In Greek mythology, Sisyphus was punished by the gods as a result of his chronic deceitfulness. Sisyphus was required to push a humongous boulder up a slope every day only to have it roll back down once it reached the top and then repeat the process. The parallels between this myth and the mortgage service industry cannot be understated. As a result of the “mortgage meltdown” and “robo-signing” scandal, the Consumer Financial Protection Bureau (the “CFPB”) was created to give consumers an oversight agency to protect them from rogue mortgage servicers. The CFPB, has previously enacted several rules and regulations designed to end “deceitful” and damaging practices in the mortgage industry. Recently, the CFPB has proposed a new rule designed to provide greater protections to consumers in the default and foreclosure process.
The newly proposed rule, which has just been released for review and comment, would alter the Real Estate Settlement Procedures Act’s (“RESPA”) Regulation X, and the Truth In Lending Act’s (“TILA”) Regulation Z by placing greater responsibilities and actions on mortgage loan holders and servicers. Here are some of the highlights:
- A new definition of “delinquency” applicable to both Regulation X and Regulation Z, which states that “a borrower and a borrower’s mortgage loan obligation are delinquent beginning on the date a payment sufficient to cover principal, interest, and, if applicable, escrow, becomes due and unpaid.”
- Increased requirements for verifying “successors in interest” and greater coverage of Regulation X and Z to successors in interest.
- New rules governing how a loan servicer responds to requests for information when Fannie Mae or Freddie Mac is involved.
- Changes to implementing and obtaining “forced-placed insurance.”
- Increasing the role and requirements of servicers in the loss mitigation stage of a delinquent account including additional steps during the foreclosure process.
- Clarification of how servicers must treat periodic payments made by consumers who are “performing under either temporary loss mitigation programs or permanent loan modifications.”
These newly proposed changes could, if enacted, increase the burdens placed upon servicers prior to and during foreclosure or other phases of the collection and enforcement process once an account becomes delinquent. As a result, the already lengthy process would be even longer resulting in increased costs and fees to the consumer in the form of greater loan scrutiny on the front-end of the mortgage process and increased interest rates and costs, and to the mortgage loan holders and servicers through greater legal fees and “carrying costs” for delinquent mortgage loans.
If ultimately passed, the new rules are not likely to come into effect until, at the earliest, mid-year of 2015, so the actual impact on the mortgage industry is only speculative at this point.

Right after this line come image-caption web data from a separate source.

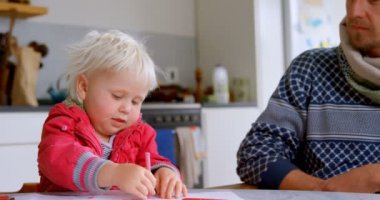 Beyaz baba evde çizim kızı yardım ön görünümü. Oğlu çizimini gösteriyor. 4k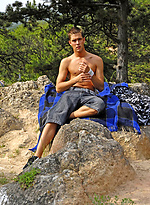 Chris posing outdoors by Boys Nation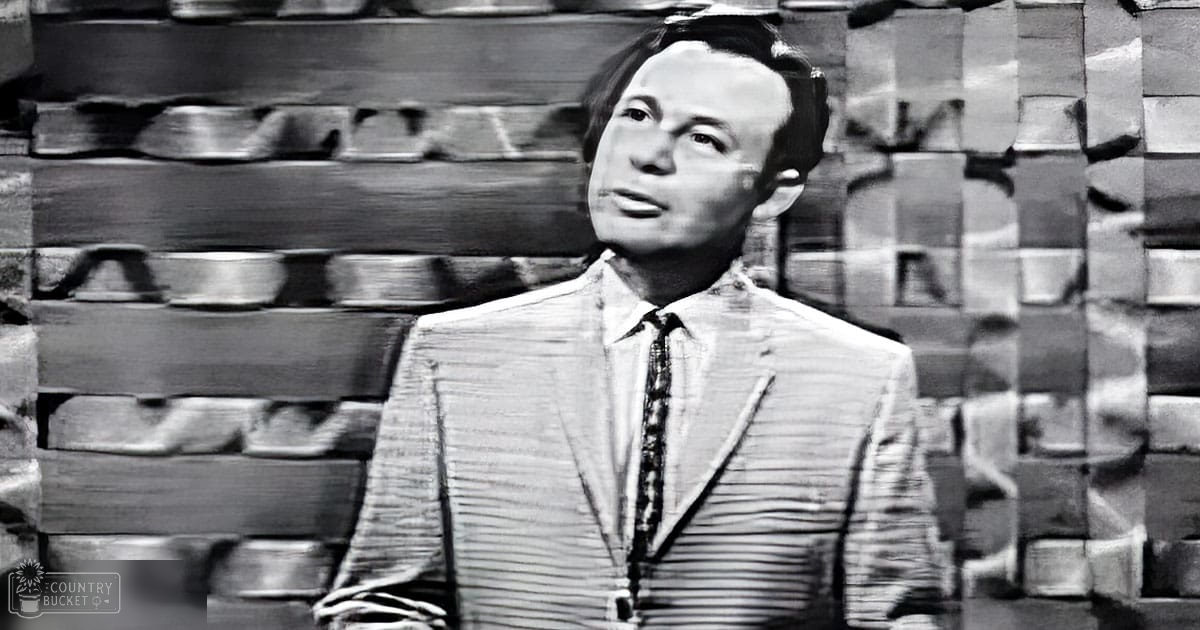Adult male in a light-colored suit jacket and patterned tie, seated on a dark chair or bench against a brick wall backdrop, likely in an indoor studio or theater setting.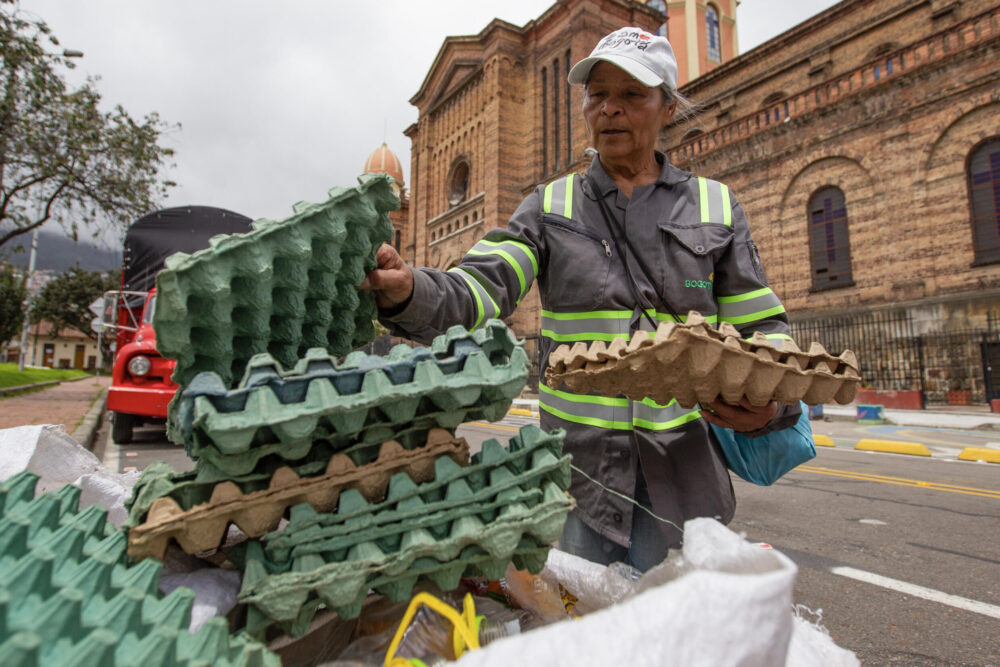 Miriam Calderón, de 68 años, apila cartones de huevos para reciclar en una calle del barrio de Las Cruces, el 17 de julio de 2024 en Bogotá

Like Sisyphus, the consumer mortgage industry may be forced to push a larger boulder up the hill only to watch it role back down again as it tries to comply with the greater requirements for delinquent and defaulted obligations. Mortgage-based litigation, i.e., litigation challenging delinquent accounts and subsequent foreclosures, is already at an all-time high, and these newly proposed rule modifications will only increase the problem.